Given these entries, repeat exactly the lines starting with the one that has "Buratti Slim Fit" and going on through the one that has "Multicolored Pearl Heart", both included, but none of the pictures.
****************************************
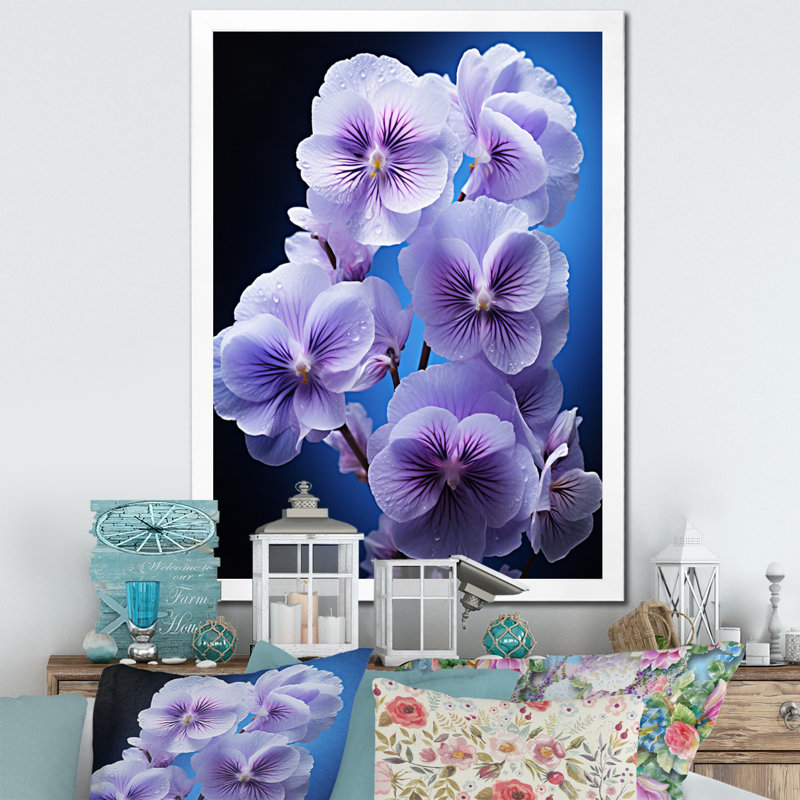 Fleurs murales mauves murmurant des pensées noires - décoration murale florale, H 32 po x l 24 po x P 1 po, Cadre photo blanc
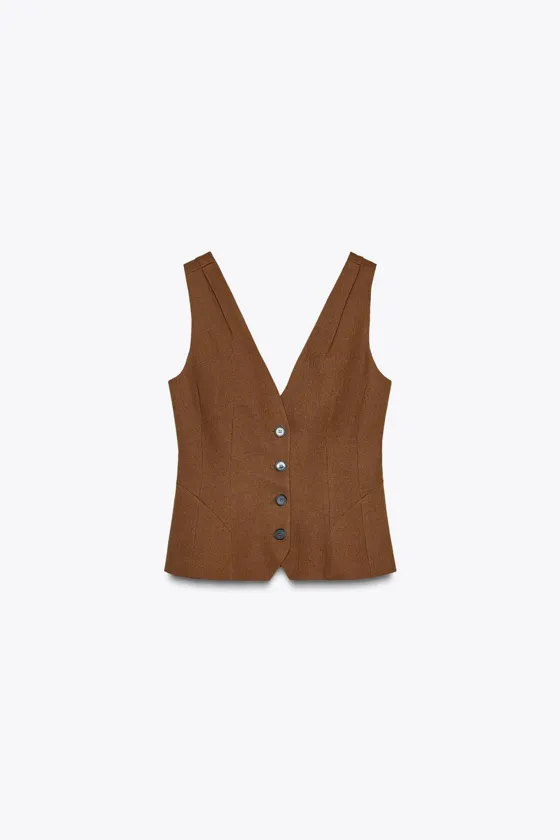 ЖИЛЕТ ОБЪЕМНОГО КРОЯ ИЗ СМЕСОВОГО ЛЬНА — ZW COLLECTION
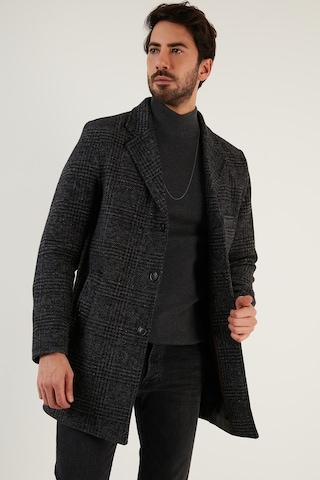 Buratti Slim Fit Tek Yırtmaçlı Düğmeli Mono Yaka Kaşe Erkek Kaban 5840098 Antrasit Ekoseli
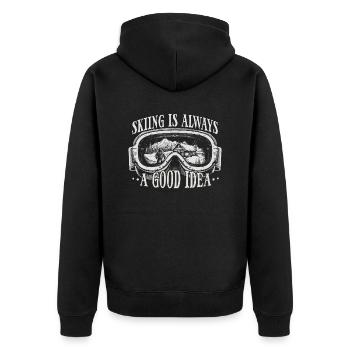 Skiing Ski Skiing Outfit Ski Design Skiers - Unisex Premium Organic Zip Hoodie - black - Back - Nico (187cm)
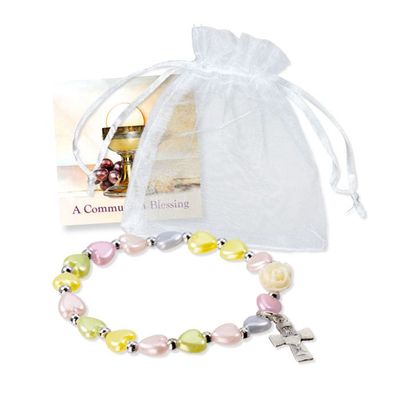 Multicolored Pearl Heart Beaded Stretch Bracelet with Silver Oxidized Crucifix and Medal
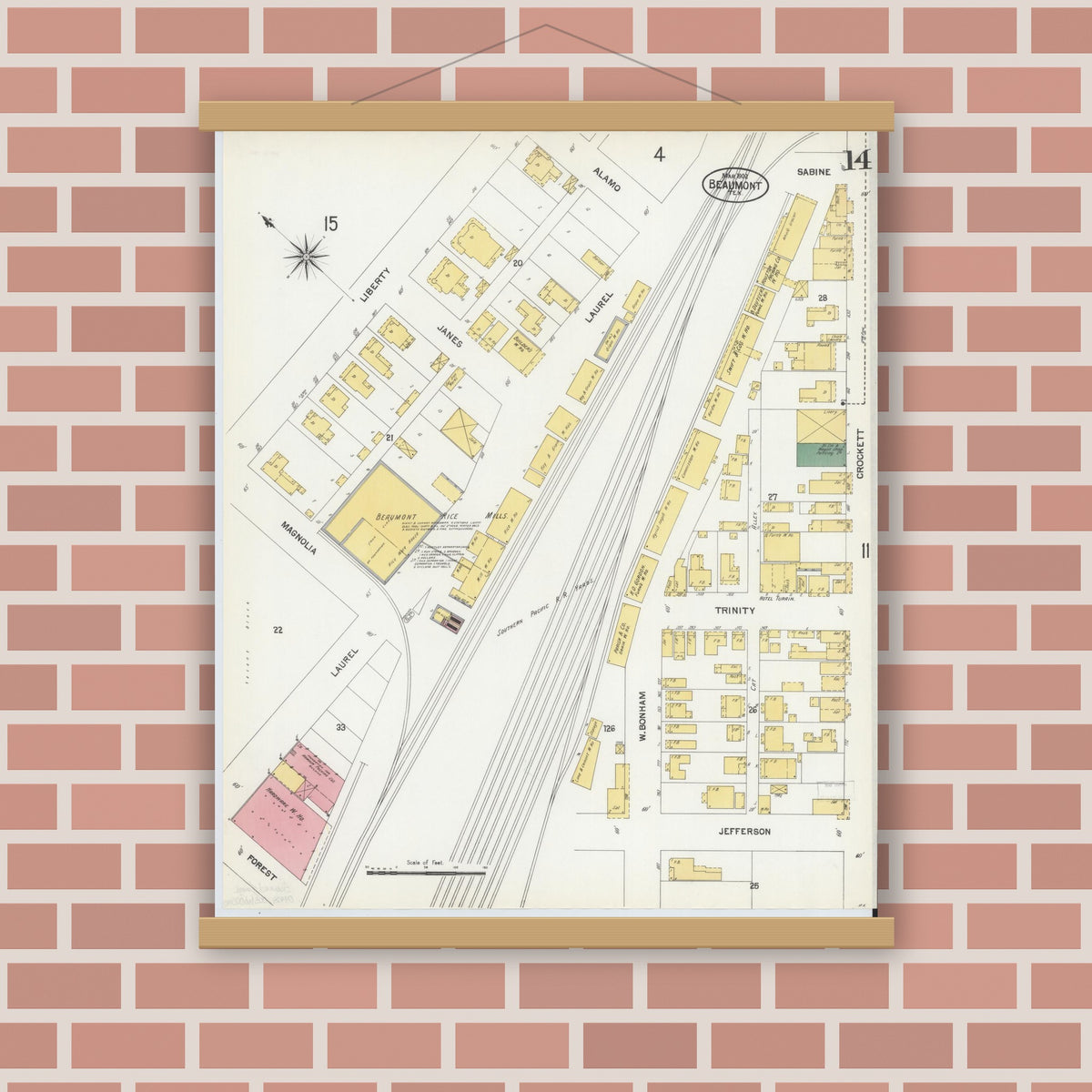 Old map wall art mockup — magnetic wood frame on brick wall — Sanborn Fire Insurance Map from Beaumont, Jefferson County, Texas (1902), Sheet #0014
****************************************
Written answer
 Buratti Slim Fit Tek Yırtmaçlı Düğmeli Mono Yaka Kaşe Erkek Kaban 5840098 Antrasit Ekoseli
 Skiing Ski Skiing Outfit Ski Design Skiers - Unisex Premium Organic Zip Hoodie - black - Back - Nico (187cm)
 Multicolored Pearl Heart Beaded Stretch Bracelet with Silver Oxidized Crucifix and Medal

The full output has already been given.